- **Exercise details**:
Repeat exactly the lines running from the first line of the data to the line containing "2013 Ford Edge", both ends included, and nothing else; drop the pictures.

- **Records for this exercise**:
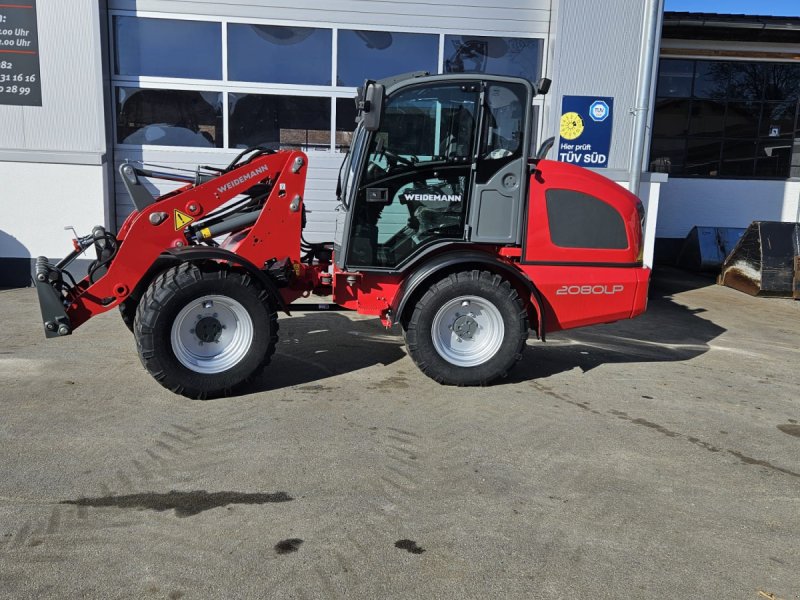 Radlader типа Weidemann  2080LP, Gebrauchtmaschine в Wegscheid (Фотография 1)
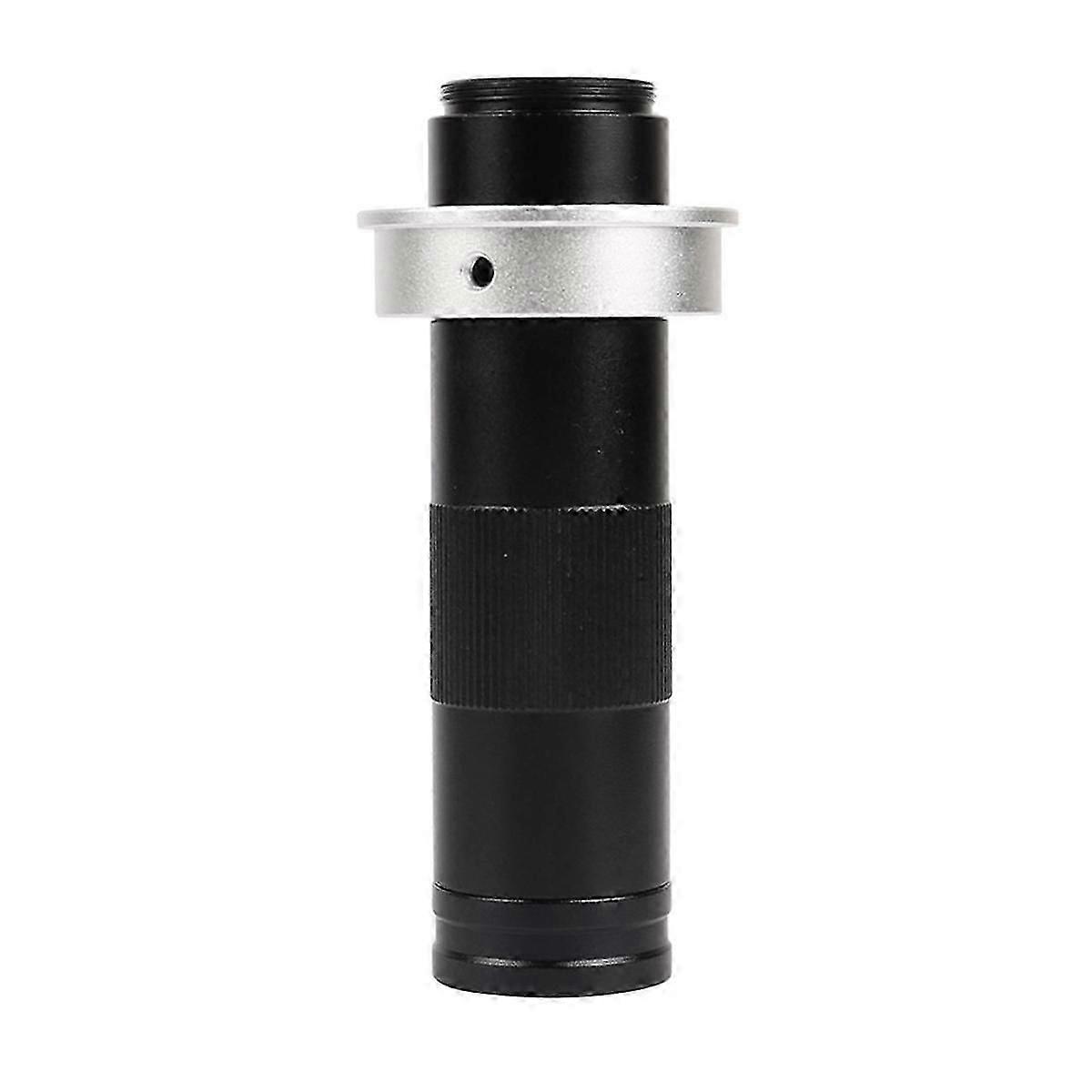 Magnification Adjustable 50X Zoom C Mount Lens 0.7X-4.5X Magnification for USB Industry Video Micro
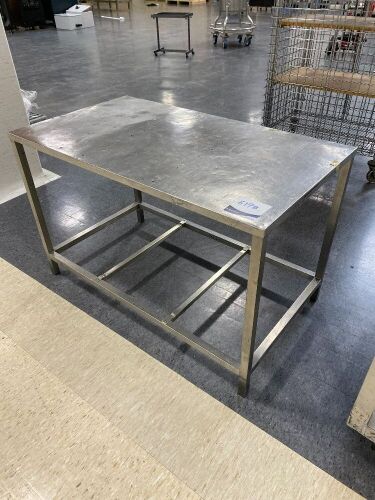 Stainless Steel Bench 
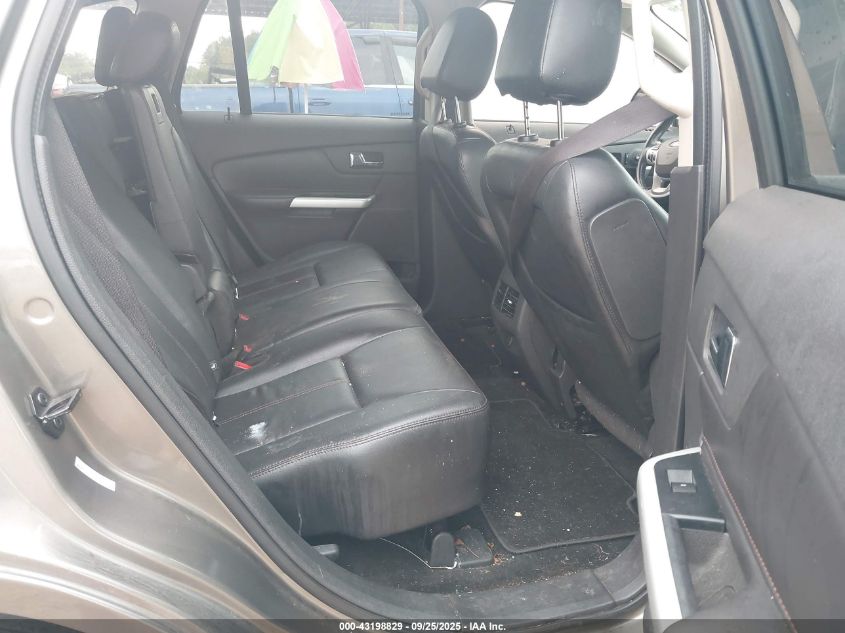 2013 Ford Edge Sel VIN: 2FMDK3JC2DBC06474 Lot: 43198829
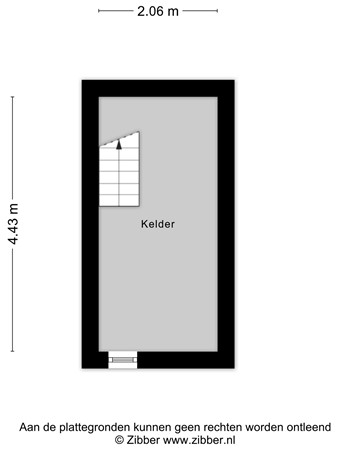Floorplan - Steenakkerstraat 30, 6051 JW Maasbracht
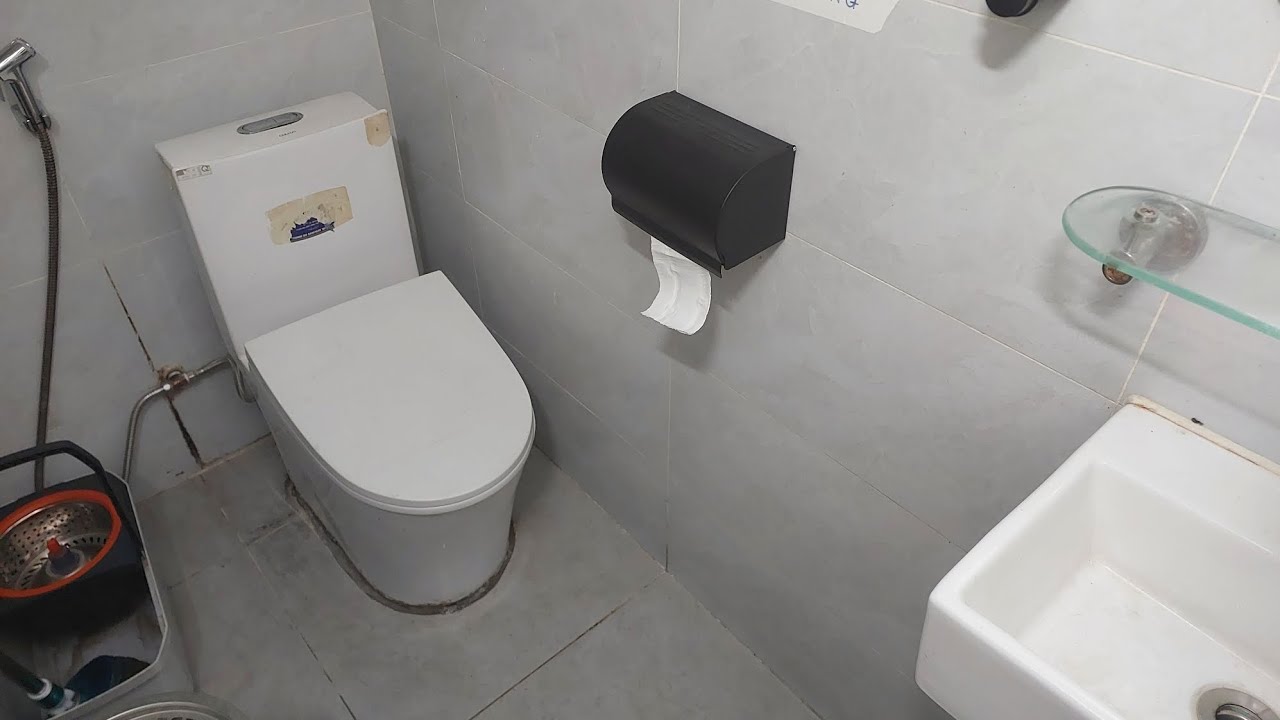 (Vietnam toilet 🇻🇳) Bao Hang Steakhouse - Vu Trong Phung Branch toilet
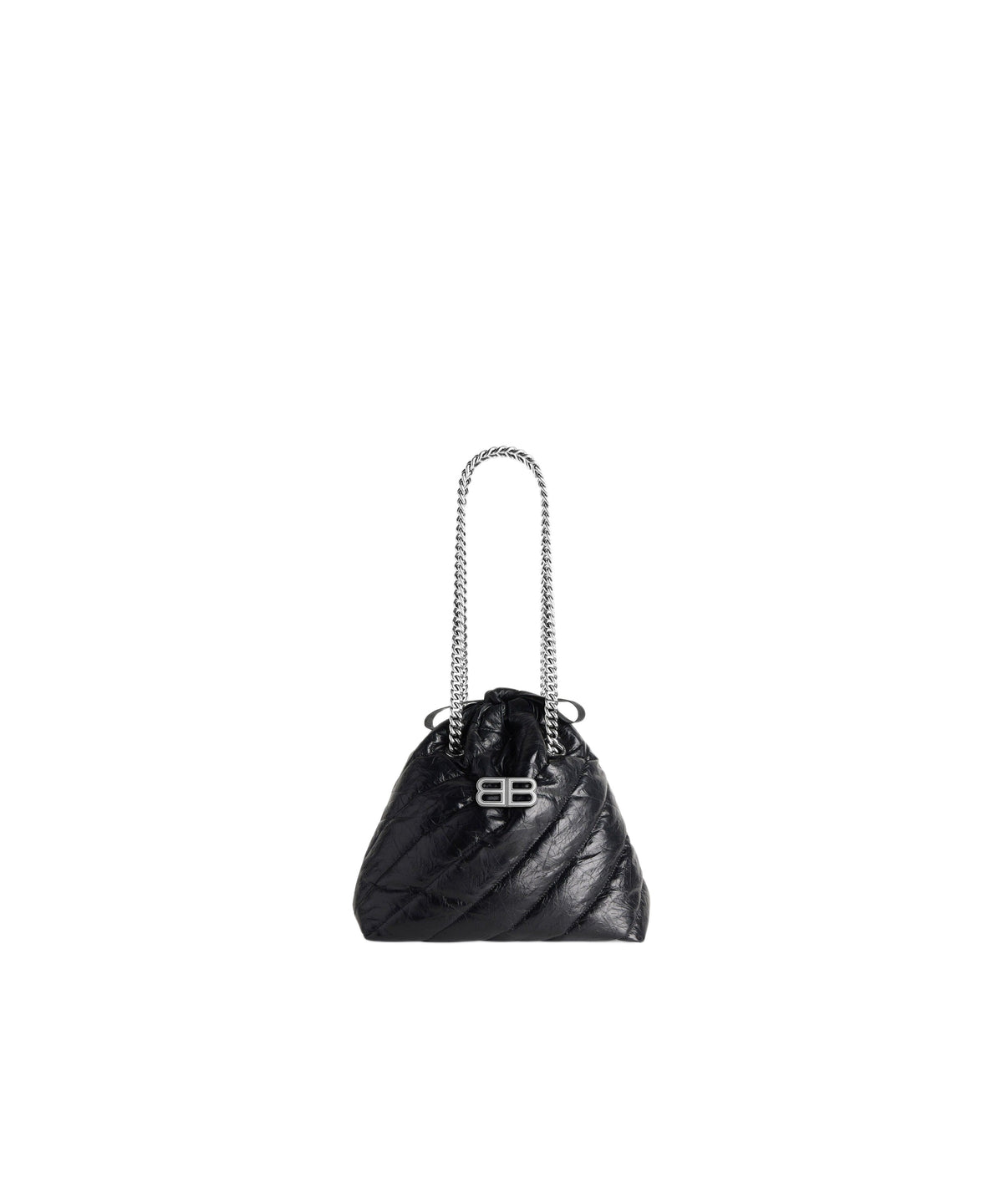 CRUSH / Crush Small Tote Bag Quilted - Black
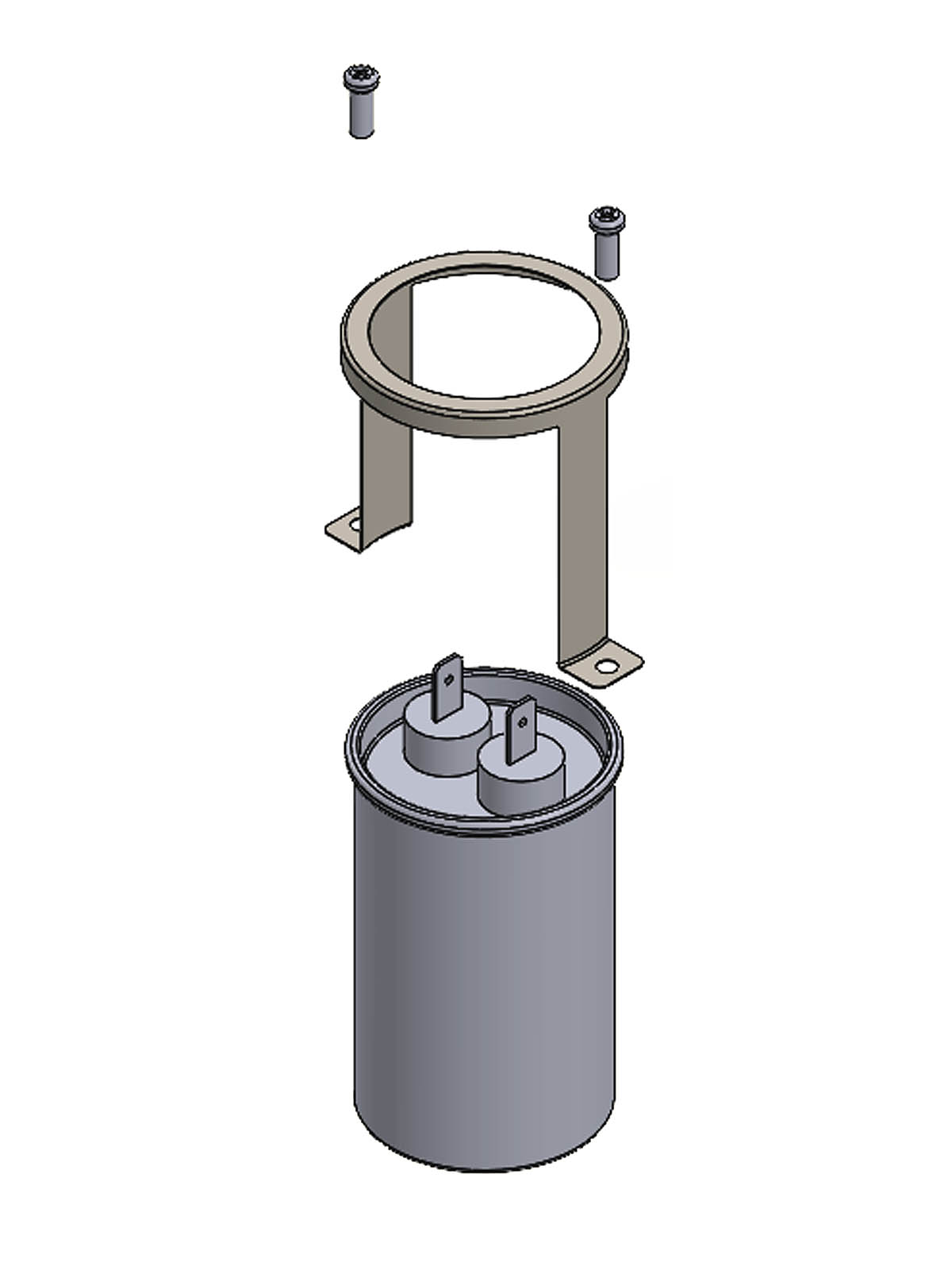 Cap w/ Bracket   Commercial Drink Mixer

- **Written response**:
 Radlader типа Weidemann  2080LP, Gebrauchtmaschine в Wegscheid (Фотография 1)
 Magnification Adjustable 50X Zoom C Mount Lens 0.7X-4.5X Magnification for USB Industry Video Micro
 Stainless Steel Bench 
 2013 Ford Edge Sel VIN: 2FMDK3JC2DBC06474 Lot: 43198829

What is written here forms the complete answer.